“ANY industry that mislays 25-30% of its product in the process of delivering it might reasonably be thought to have a problem. Yet that, according to the World Bank, is the case for the world's water companies. Though water is cheap, it is not free. According to a report published by the Bank in 2006, leaks even then were costing $14 billion a year. But to plug a leak you have to find it. Water mains are hard to inspect, particularly if they are underground. Many are old and thus decrepit. And outright theft is not unheard of, as the poor seek to fill their drinking vessels and the rich their swimming pools. An effective way of detecting leaks, both accidental and deliberate, would therefore be welcome.
TaKaDu, a firm based near Tel Aviv, thinks it has one.”

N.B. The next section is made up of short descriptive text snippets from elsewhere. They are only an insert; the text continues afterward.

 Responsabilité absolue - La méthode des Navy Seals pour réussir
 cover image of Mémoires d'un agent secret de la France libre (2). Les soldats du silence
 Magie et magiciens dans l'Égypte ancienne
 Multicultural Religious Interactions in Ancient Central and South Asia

“TaKaDu's engineers have therefore developed a monitoring system called a statistical anomaly detection engine that is intended to identify clues in the data which might otherwise be missed. It applies a range of statistical tests (linear-regression analysis is one of the more familiar) to the data stream, and thus works out when the incoming signals are deviating significantly from normal behavior. Sometimes such deviations are caused by faulty meters. Sometimes they are caused by leaks. Either way, that is valuable knowledge.

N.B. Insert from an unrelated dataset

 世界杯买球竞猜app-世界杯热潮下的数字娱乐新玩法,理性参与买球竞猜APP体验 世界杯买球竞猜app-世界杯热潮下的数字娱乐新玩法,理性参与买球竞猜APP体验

To know what is deviant you have, of course, to know what is normal. Even a 1% change in flow rate can sometimes be significant, if it is persistent, but that is not always the case. Existing leak-detection systems therefore have thresholds built into them, to avoid false alarms. The price of this is that small leaks may go undetected and thus unrepaired, which often leads to larger leaks later. The detection engine attempts to work out what is important by using a process of continuous modeling to define normality. This identifies both obvious patterns—such as daily, weekly and annual flow-rates—and subtle ones, such as correlations between the behaviours of widely separated parts of the system that are brought about by things like similarities in network layout or in the behaviour of local customers.”